Im Interview mit Boder wendet sich Bella Zgnilek auf polnisch an ihre Zuhörer:innen. Ein kritischer Blick auf die bisherige Übersetzung zeigt, dass ihre Äußerung entschärft wurde.
„Well, I will just send them regards, and I am happy that not everybody of the Jews went through such a hard times as we did“[1] beschließt Bella Zgnilek das englischsprachige Interview mit David P. Boder auf dessen Frage hin, ob sie „your own people“ noch etwas mitteilen wolle. Danach folgt eine Pause. Geräusche legen nahe, dass Zgnilek und Boder sich austauschen, während die Aufnahme nicht weiterläuft. Als die Aufnahme wieder einsetzt, ergreift Boder das Wort und leitet ein weiteres Schlusswort Zgnileks ein: „Bella wants to add a few remarks in Polish. Go ahead, Bella.“ Zgnileks polnische Äußerung erklärt Boder im Anschluss vor verschiedenen Hintergründen – erstens aus seinem Interesse als Forscher heraus, zweitens als Gefühlsäußerung von jungen Überlebenden und drittens als eine Auffassung Zgnileks, die richtig eingeordnet werden müsse:
This was a kind of a postscript that I wanted to have, because it‘s exceedingly important to have the feelings of these young people. We notice here that she spoke in German, in English, in Polish, and when it came to express her feelings she preferred to express it in Polish. This polyglotism, or multilinguistics if we want to call it that way, represents a psychological and ethnic problem at the same time.[2]
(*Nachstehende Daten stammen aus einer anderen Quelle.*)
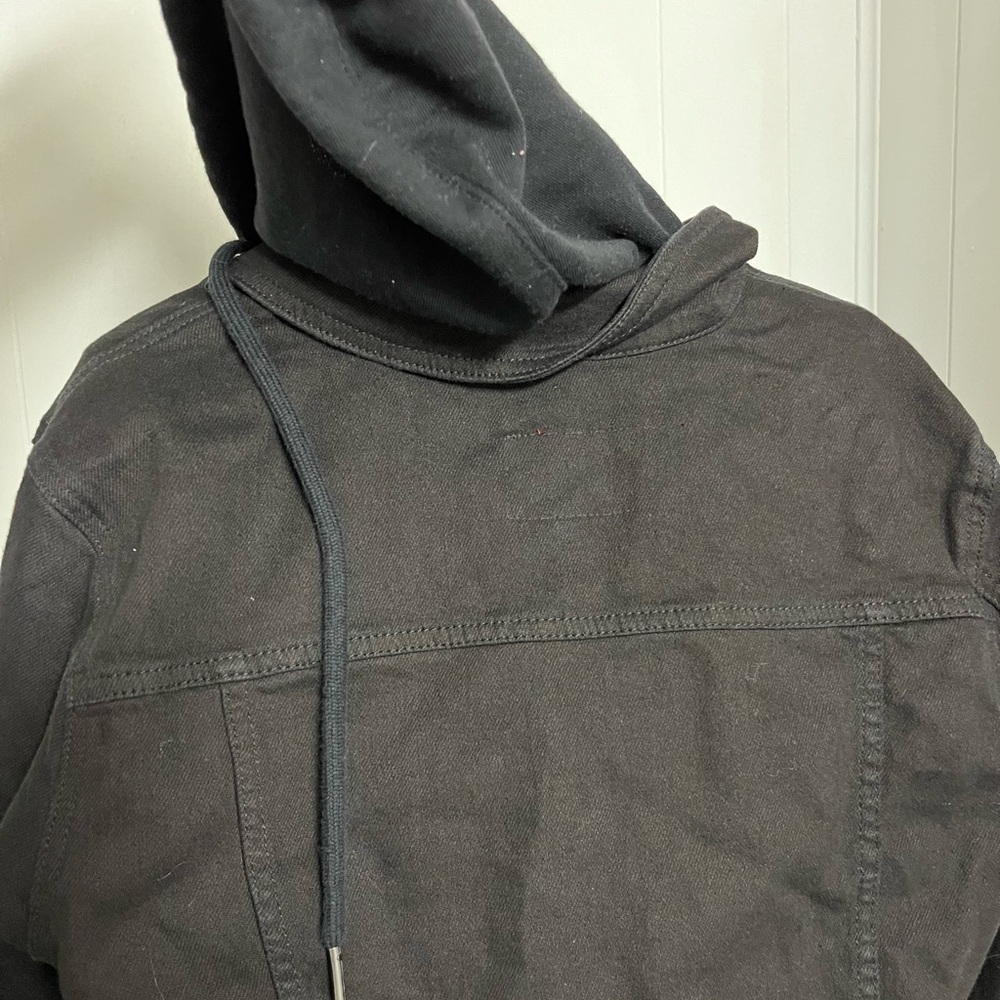 Guess Stella black hooded denim jacket - Picture 7 of 12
Doch was sagt Bella Zgnilek eigentlich auf Polnisch, das sie von allen im Interview genutzten Sprachen am besten beherrscht? In der bisher veröffentlichten Fassung des Interviews gibt es keine polnische Transkription der Passage. Boder bot bei der Nachbereitung des Interviews eine Übersetzung (wahrscheinlich seines langjährigen Mitarbeiters und polnisch-jüdischen Shoah-Überlebenden Bernard Wolf) an, die auch auf der Website des Illinois Institute of Technology zugänglich ist:
I would like to tell you, my friends, that all of us Jews ought to hate the Germans because of the wrongs which they did to us and our families, because they broke our hearts, broke our homes, and we ought never to forget that.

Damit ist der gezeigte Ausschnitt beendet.